◆ **Task brief**
Look below for the line that contains "KIA Sportage 2021", then copy it and each following line exactly, through and including the line that contains "Refurbished Apple iPhone".

Top of Supplied records

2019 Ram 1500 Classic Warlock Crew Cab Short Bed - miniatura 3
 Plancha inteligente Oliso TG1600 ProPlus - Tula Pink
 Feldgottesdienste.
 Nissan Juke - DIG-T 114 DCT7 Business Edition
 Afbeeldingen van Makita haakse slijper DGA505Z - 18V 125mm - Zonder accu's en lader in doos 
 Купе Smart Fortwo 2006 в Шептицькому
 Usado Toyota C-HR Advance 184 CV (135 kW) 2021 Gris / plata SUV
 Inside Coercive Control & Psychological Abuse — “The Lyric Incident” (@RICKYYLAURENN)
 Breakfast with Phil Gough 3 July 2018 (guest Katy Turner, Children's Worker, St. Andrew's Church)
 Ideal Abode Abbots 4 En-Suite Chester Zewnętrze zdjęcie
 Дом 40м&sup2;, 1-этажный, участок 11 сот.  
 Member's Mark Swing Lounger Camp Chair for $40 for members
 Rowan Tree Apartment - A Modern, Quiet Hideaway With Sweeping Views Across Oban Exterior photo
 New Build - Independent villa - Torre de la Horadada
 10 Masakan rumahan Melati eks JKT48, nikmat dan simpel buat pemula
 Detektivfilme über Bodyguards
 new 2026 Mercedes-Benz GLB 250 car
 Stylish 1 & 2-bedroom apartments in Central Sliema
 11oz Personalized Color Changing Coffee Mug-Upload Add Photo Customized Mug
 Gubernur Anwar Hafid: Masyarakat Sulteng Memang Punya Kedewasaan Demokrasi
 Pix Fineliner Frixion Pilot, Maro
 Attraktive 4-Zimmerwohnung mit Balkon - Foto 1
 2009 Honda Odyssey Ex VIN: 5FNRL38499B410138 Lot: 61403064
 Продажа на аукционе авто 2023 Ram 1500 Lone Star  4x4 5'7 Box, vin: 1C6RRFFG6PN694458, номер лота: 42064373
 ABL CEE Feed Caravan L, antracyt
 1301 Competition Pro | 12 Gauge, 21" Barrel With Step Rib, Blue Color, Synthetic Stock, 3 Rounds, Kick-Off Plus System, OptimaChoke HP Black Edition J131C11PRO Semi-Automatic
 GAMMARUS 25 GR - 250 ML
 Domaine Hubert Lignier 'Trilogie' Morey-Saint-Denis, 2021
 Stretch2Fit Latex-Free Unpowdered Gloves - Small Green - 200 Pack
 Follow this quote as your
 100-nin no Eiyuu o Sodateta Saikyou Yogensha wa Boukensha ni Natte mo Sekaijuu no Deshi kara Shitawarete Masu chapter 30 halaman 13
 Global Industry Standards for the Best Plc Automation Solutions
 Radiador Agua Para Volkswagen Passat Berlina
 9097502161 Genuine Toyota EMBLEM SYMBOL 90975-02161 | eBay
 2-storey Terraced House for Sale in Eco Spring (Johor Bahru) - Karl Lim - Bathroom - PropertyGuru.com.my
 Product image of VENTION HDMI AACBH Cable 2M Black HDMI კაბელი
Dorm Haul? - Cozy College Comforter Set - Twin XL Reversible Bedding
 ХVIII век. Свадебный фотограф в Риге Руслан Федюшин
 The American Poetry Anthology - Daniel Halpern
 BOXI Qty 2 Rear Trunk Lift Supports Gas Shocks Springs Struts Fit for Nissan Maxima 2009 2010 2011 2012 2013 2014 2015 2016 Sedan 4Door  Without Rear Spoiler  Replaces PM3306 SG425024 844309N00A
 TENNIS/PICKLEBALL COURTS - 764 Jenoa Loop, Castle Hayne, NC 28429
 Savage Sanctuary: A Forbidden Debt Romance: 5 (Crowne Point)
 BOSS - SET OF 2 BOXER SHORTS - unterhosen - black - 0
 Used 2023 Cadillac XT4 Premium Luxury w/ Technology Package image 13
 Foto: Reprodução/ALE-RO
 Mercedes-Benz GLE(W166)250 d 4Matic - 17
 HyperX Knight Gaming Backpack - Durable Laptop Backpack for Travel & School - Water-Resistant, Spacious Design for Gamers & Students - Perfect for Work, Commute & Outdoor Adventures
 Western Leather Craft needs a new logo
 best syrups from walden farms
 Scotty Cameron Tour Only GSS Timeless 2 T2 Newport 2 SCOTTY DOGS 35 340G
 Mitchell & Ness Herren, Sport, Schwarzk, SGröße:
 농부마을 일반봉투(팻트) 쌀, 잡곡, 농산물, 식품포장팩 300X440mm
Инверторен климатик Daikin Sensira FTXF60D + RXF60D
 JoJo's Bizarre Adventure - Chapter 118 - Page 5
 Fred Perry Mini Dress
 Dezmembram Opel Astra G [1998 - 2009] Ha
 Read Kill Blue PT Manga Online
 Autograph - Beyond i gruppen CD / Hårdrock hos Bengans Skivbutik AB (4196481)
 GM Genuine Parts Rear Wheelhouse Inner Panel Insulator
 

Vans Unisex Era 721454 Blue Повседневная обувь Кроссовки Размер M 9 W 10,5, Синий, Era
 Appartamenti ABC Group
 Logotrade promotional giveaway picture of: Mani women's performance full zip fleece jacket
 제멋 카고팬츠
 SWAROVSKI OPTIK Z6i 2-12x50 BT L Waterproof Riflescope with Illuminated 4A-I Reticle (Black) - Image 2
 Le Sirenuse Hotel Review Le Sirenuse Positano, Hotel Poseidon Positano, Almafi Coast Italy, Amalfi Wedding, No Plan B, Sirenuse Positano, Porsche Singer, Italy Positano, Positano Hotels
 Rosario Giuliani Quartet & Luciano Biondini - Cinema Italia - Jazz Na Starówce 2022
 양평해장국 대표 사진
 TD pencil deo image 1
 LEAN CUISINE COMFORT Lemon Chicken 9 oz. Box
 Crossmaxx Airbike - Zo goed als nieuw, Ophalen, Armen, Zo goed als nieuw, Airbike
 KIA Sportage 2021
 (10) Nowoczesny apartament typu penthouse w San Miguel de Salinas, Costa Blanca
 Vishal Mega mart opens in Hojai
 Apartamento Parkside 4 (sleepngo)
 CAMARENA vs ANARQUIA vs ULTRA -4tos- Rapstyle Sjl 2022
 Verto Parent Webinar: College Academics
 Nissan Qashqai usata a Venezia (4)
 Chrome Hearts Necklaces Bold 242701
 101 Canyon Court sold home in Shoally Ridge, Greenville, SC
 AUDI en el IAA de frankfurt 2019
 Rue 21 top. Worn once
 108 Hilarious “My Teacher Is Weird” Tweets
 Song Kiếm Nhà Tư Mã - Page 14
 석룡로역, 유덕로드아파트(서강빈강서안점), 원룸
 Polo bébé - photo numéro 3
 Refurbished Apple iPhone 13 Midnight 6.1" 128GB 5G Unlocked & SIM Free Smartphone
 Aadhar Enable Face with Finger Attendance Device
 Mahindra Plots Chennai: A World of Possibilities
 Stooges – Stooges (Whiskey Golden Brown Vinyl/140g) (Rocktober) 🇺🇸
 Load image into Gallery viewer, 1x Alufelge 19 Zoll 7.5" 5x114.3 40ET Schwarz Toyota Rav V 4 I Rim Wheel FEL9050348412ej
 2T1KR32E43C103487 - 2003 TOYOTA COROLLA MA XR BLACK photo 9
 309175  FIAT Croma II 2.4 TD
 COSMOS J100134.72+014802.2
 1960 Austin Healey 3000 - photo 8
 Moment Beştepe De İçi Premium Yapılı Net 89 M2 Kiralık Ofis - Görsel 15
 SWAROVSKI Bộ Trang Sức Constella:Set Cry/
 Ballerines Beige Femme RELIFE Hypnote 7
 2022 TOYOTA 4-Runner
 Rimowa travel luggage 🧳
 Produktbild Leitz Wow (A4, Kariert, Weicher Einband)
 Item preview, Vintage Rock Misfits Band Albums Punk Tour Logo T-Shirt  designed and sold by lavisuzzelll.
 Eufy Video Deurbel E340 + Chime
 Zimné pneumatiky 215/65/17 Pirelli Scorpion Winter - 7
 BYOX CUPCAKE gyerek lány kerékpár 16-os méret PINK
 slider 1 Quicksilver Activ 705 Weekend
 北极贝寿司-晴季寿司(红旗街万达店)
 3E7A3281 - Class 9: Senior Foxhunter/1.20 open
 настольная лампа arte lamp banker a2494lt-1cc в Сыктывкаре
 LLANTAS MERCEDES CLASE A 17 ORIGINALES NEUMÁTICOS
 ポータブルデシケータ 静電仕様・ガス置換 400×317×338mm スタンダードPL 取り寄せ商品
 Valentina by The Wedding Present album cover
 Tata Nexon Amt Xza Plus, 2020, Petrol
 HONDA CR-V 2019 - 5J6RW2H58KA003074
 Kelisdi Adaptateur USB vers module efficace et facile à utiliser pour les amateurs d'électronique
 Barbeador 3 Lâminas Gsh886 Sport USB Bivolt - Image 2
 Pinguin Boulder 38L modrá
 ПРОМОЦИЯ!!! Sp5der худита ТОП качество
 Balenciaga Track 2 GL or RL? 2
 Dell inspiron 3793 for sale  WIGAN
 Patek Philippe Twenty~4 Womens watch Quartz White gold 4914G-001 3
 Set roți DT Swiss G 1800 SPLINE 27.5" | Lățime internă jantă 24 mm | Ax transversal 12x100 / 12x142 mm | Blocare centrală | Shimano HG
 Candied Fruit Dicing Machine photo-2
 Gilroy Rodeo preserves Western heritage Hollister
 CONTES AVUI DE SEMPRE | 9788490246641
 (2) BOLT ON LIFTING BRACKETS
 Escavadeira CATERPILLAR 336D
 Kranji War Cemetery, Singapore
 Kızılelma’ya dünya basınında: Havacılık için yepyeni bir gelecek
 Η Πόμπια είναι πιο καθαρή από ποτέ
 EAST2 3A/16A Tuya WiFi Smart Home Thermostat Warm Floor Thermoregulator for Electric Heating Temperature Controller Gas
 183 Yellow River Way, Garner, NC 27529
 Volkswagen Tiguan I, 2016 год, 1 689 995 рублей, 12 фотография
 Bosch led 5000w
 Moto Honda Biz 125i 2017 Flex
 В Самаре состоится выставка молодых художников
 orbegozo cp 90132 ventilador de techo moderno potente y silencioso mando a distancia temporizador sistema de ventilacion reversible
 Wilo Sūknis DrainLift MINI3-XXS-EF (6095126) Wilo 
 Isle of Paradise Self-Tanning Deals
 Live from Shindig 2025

Bottom of Supplied records

◆ **Output**
 KIA Sportage 2021
 (10) Nowoczesny apartament typu penthouse w San Miguel de Salinas, Costa Blanca
 Vishal Mega mart opens in Hojai
 Apartamento Parkside 4 (sleepngo)
 CAMARENA vs ANARQUIA vs ULTRA -4tos- Rapstyle Sjl 2022
 Verto Parent Webinar: College Academics
 Nissan Qashqai usata a Venezia (4)
 Chrome Hearts Necklaces Bold 242701
 101 Canyon Court sold home in Shoally Ridge, Greenville, SC
 AUDI en el IAA de frankfurt 2019
 Rue 21 top. Worn once
 108 Hilarious “My Teacher Is Weird” Tweets
 Song Kiếm Nhà Tư Mã - Page 14
 석룡로역, 유덕로드아파트(서강빈강서안점), 원룸
 Polo bébé - photo numéro 3
 Refurbished Apple iPhone 13 Midnight 6.1" 128GB 5G Unlocked & SIM Free Smartphone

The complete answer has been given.